• **Exercise details**
Starting at the line with "An Ent Reaches" and ending at the line with "Faux Leather Jacket", print exactly the lines of the entries below. Pictures do not belong in the copy.

• **Crawled caption data**
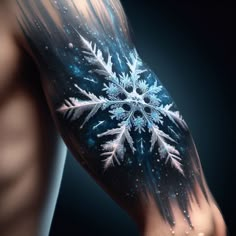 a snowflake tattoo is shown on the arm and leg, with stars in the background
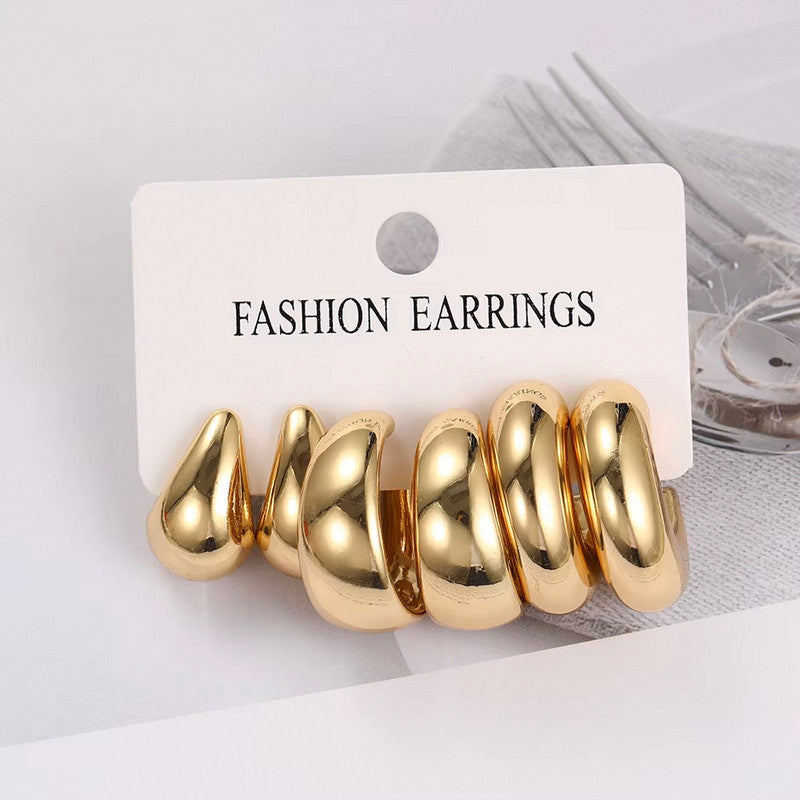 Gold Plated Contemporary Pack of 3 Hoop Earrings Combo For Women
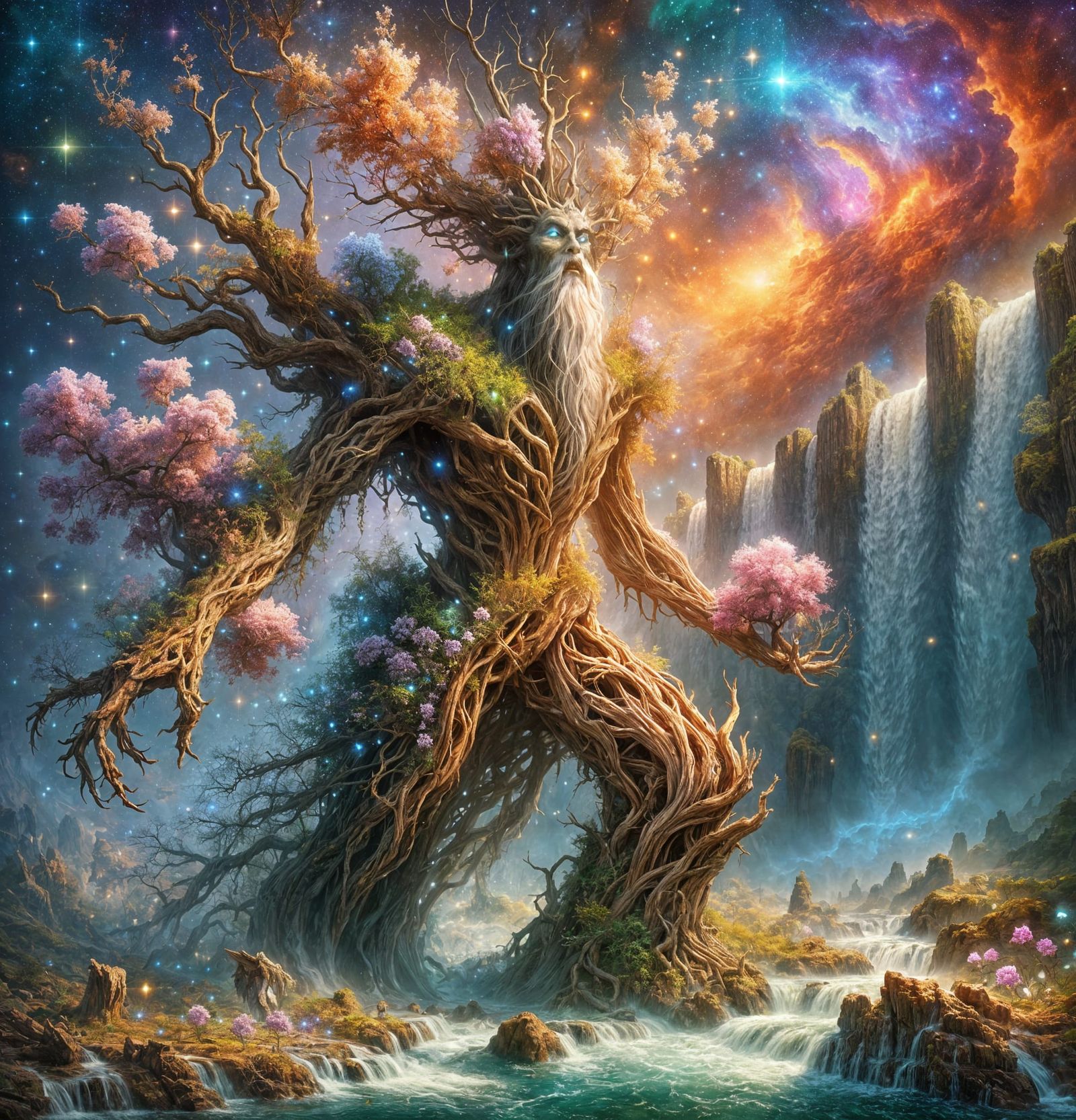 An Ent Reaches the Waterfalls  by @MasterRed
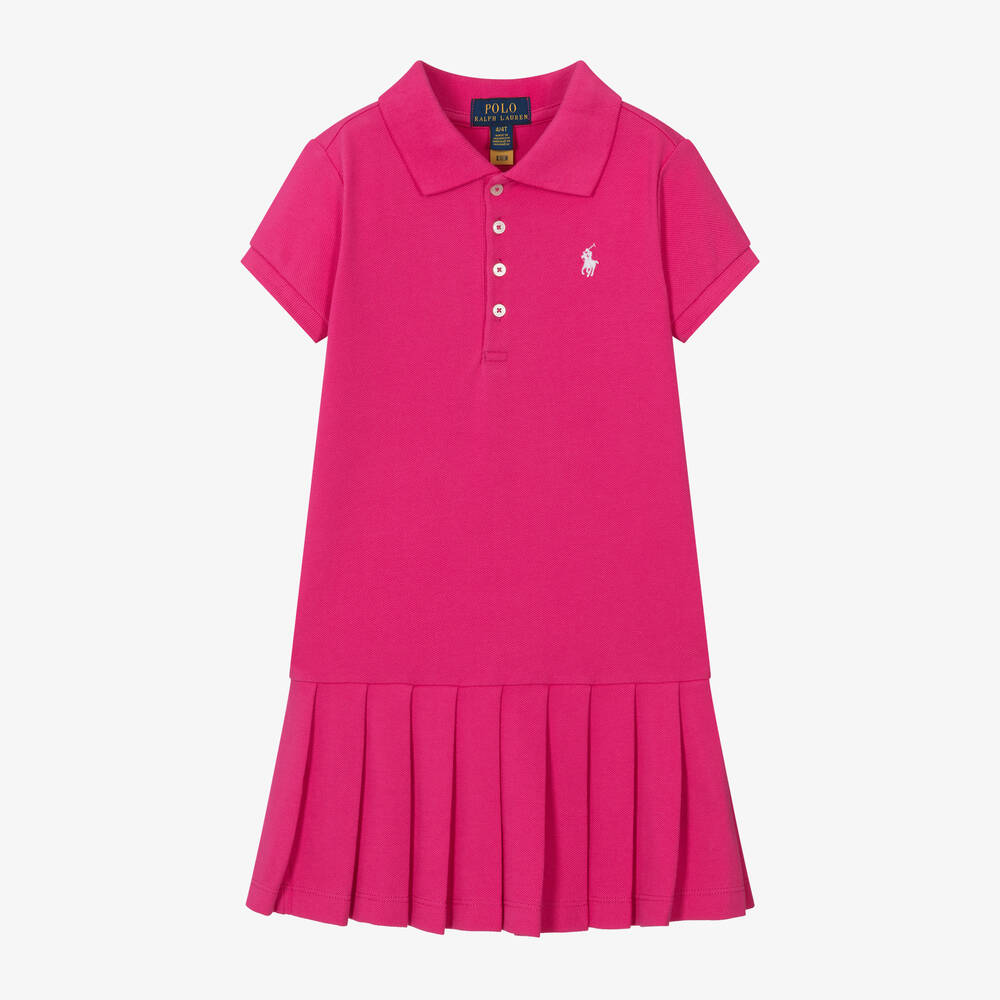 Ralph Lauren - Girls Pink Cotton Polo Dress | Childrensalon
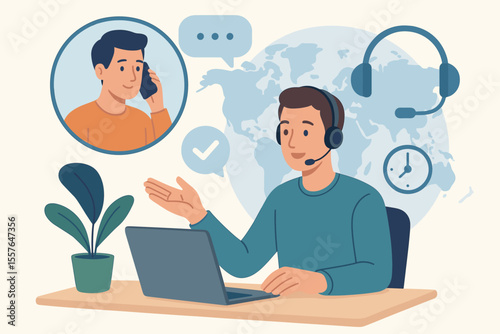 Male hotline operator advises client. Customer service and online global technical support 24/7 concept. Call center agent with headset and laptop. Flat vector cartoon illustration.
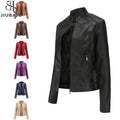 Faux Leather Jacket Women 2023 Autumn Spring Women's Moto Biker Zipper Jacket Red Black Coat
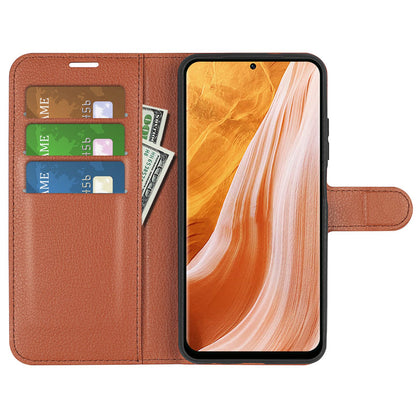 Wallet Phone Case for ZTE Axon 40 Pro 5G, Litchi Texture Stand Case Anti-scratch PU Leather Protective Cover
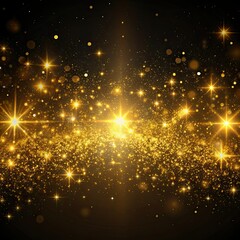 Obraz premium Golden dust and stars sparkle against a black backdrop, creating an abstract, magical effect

• **Response to the task**
 An Ent Reaches the Waterfalls  by @MasterRed
 Ralph Lauren - Girls Pink Cotton Polo Dress | Childrensalon
 Male hotline operator advises client. Customer service and online global technical support 24/7 concept. Call center agent with headset and laptop. Flat vector cartoon illustration.
 Faux Leather Jacket Women 2023 Autumn Spring Women's Moto Biker Zipper Jacket Red Black Coat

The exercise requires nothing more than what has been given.